Painting Laminate Furniture

If you google “How to paint laminate furniture” you will get dozens of different results.  Being able to paint cheap laminate furniture and give it new life is the hallmark of the DIY blogger.  I will admit that until recently I usually ignored these posts.   I’ve been painting laminate furniture since before most of these bloggers were out of diapers – back in the day when everyone said it was impossible to do!  I got great results – I have a cheap WalMart shelf in my kitchen that I first painted 19 years ago and it still looks great – but it was labor intensive with days of sanding, priming, painting and more sanding to get the desired results.

Well, I am glad that this old dog finally paid attention to some of those DIY bloggers and learned a new trick; I’m converted!  I have always used Kilz brand primer, and I’m sure I still will, but what I have learned is that some primers are gripping primers and some are not.  If you want to paint a surface that the paint won’t adhere to, you’ve got to give it something to stick to.  Enter this wonder:

It grips to the surface to be painted with NO SANDING. I bought this straight off the shelf at Home Depot (have them shake it up for you while you’re there!).  It is pretty pricey stuff, but it seems to go a long way.  It comes in both white and grey; get white if your paint is light and use grey if it is dark.

I had an Ikea wardrobe that I have been wanting to paint forever, but I knew all that sanding was going to be a pain so I kept putting it off.  I thought this was the perfect project to try out the Gripper on.

I forgot to take a picture of it before I took the doors off, but you get the idea…

Take the doors off, tape around the mirror and remove or tape all the hardware.   I chose not to paint the inside, so I taped around there too.  Give everything a good coat of the Gripper with a regular brush or roller.

You can see here that I wasn’t even too careful about getting the coat even.  Here are my thoughts on this – I wanted this finished project to be something I could sand back into and expose some of the “wood” underneath.  Usually when you try that on laminate furniture, the paint will just lift right off.  I was curious how it would work here, so I only did one coat of Gripper.  I have a dresser that I used it on that I wanted to be solid and smooth so I used 2 coats of Gripper and I was more careful to brush it on smoothly.

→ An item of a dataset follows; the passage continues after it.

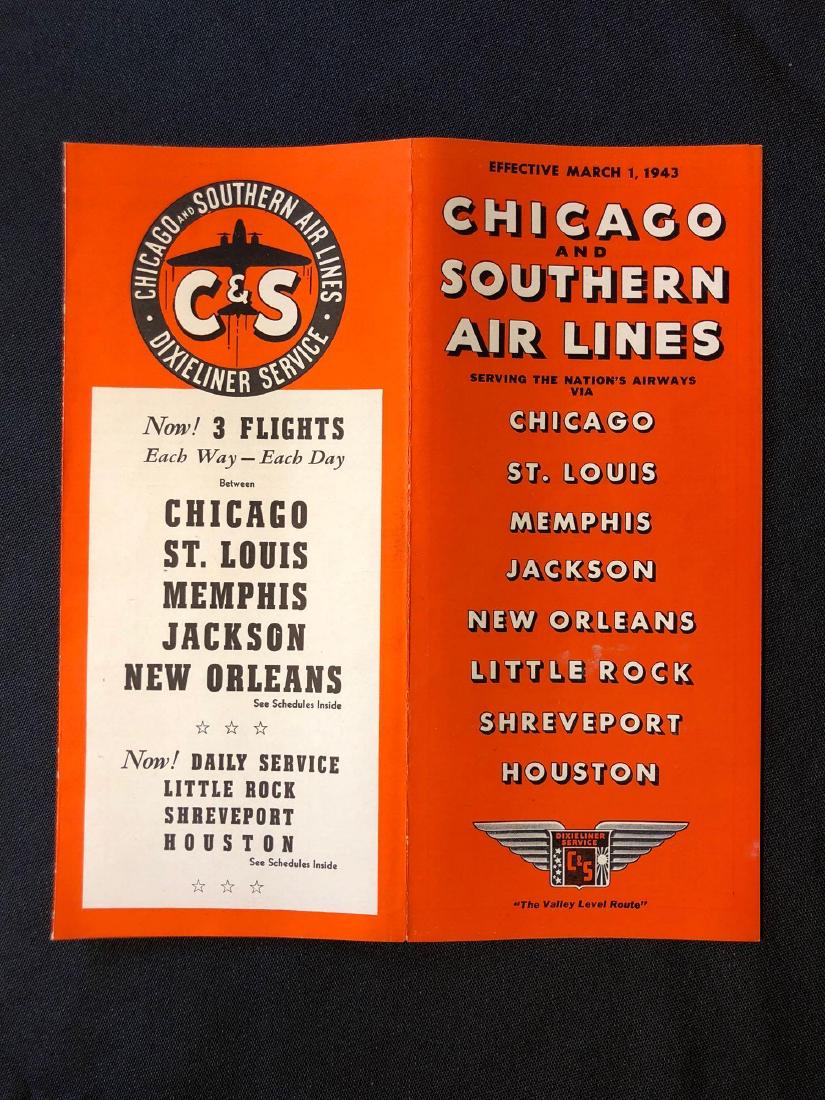 Chicago and Southern Air Lines System Timetable 3/1/43 (1 of 4)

Let that dry according to the directions on the can, then cover with the paint of your choice.  I didn’t get a picture of this step, but I used 2 coats of pale blue Satin interior house paint

Once that is dry, I went over the whole piece with a fine grit sandpaper on a small detail electric sander, roughing up the whole surface and concentrating (holding my breath!) in a few spots along the edges to wear the paint down to the wood.  The paint came off very worn and natural-looking just as if it had been on raw wood!  Wonderful!

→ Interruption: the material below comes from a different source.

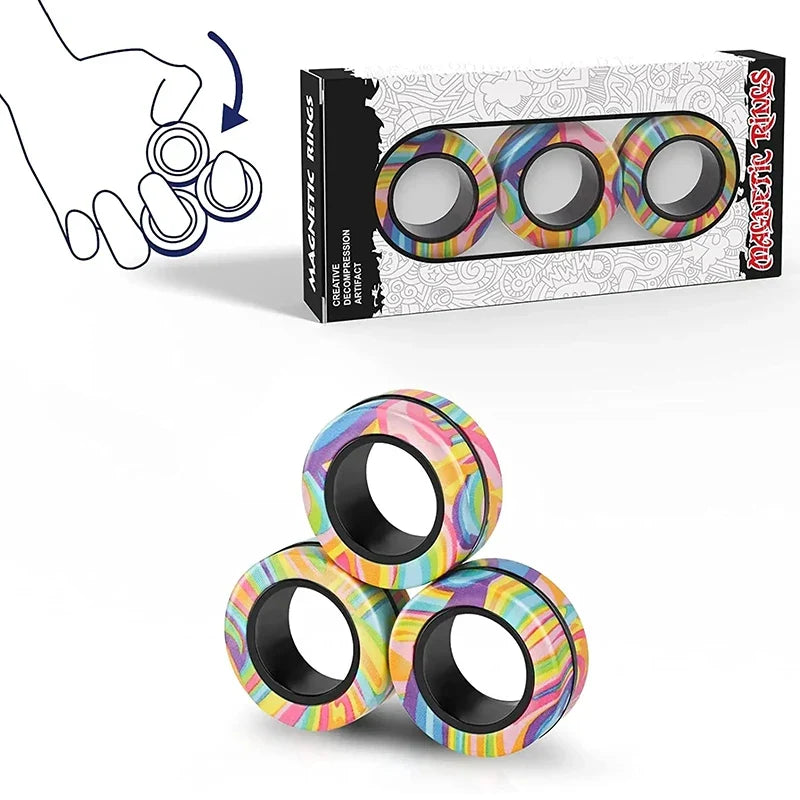 Magnetic Fidget Rings Toy Set 3PCS for All Ages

Next I put on a wood stain.  Just brush it all over with a paintbrush – working in small sections –

and then rub it back off with a rag.  If you want it darker, then leave the stain on longer.  If you want it lighter, continue to rub and buff it off with a rag until you get the desired results.  Be sure to leave more stain in the crevices and cracks, where age build up would naturally occur.

Replace the doors and hardware – I got these cute little white ceramic knobs on a 50% off sale at Hobby Lobby for $2/knob.  I saw the exact same knobs at Anthropologie for $7!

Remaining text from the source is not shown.